Please give me your pay pal info and I'll send what I can...

Blessings

Trinity

(official Padre of Army.ca???)


----------



## Mike Bobbitt (4 Sep 2005)

yukon: Thanks for the support, just need some extra info from you before I ship (see your e-mail for details).

Old Ranger: It's officially city of Ottawa, but on the outskirts.  I'm placing an order for more shirts on Tuesday and including XXL in that order... could be a couple of weeks before I have them in hand but I'll post an update when I do.

Thanks all!

Cheers
Mike


----------



## -rb (5 Sep 2005)

Just subscribed via certapay today with RBC and was pretty simple as long as you have online banking setup. Much easier for me as I don't have any cheques kicking around to set-up the pay-pal account

Question though Mike, is it instant deposit in to your account and are there any extra charges on your end for it?

thnks.


----------



## Mike Bobbitt (5 Sep 2005)

No charges on my end (unlike PayPal), it was dead easy.

Thanks


----------



## Lance Wiebe (6 Sep 2005)

Money order sent today, Mike.

As I stated earlier, hang on to the T-shirt.


----------



## Mike Bobbitt (6 Sep 2005)

Thanks Lance!


----------



## Old Ranger (9 Sep 2005)

How many more do you need?

Come on Troops, pitch in to help.

Look at all the experience you have access too.

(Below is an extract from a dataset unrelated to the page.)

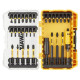 Набір біт і насадок DeWalt EXTREME FLEXTORQ Phillips, Pozidriv, Torx, Slotted (DT70743T)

Some of it might save your butt someday; in more ways than one.


----------



## pronto (9 Sep 2005)

C'mon all you lazy buggers out there. If I can do it, so can you! Lord knows I can be lazy too ....

Pronto

PS: Munster is nice!


----------



## Mike Bobbitt (9 Sep 2005)

I'm already getting the process started.


----------



## HERC (9 Sep 2005)

Mike,

How do I renew my subscription early to help out?  It is currently an automatic renewal.  How about a PayPal donation instead, is that easier?

Thanks,  Shayne


----------



## Mike Bobbitt (9 Sep 2005)

Hi Shayne,

I appreciate that, but not really necessary. I'm not trying to bleed people dry, just make sure we have the resources to stick around for a bit.  As a subscriber, you're already helping out.


Cheers
Mike


----------



## Fry (11 Sep 2005)

Thanks to the new payment system, I plan to send a money order once in basic. I think anyone who used this site even once should subscribe and give a little back. I've received nothing less than an entire wealth of knowledge here, great people with great insight.  A few tards here and there, but they're everywhere anyway, ha.

Support army.ca! Not only would you get a flashy blue icon near your name, you get some priveliges, and a T-Shirt/coin! now a days I pay 30bucks for a T-shirt anyway. A coin plus benefits kicks @ss!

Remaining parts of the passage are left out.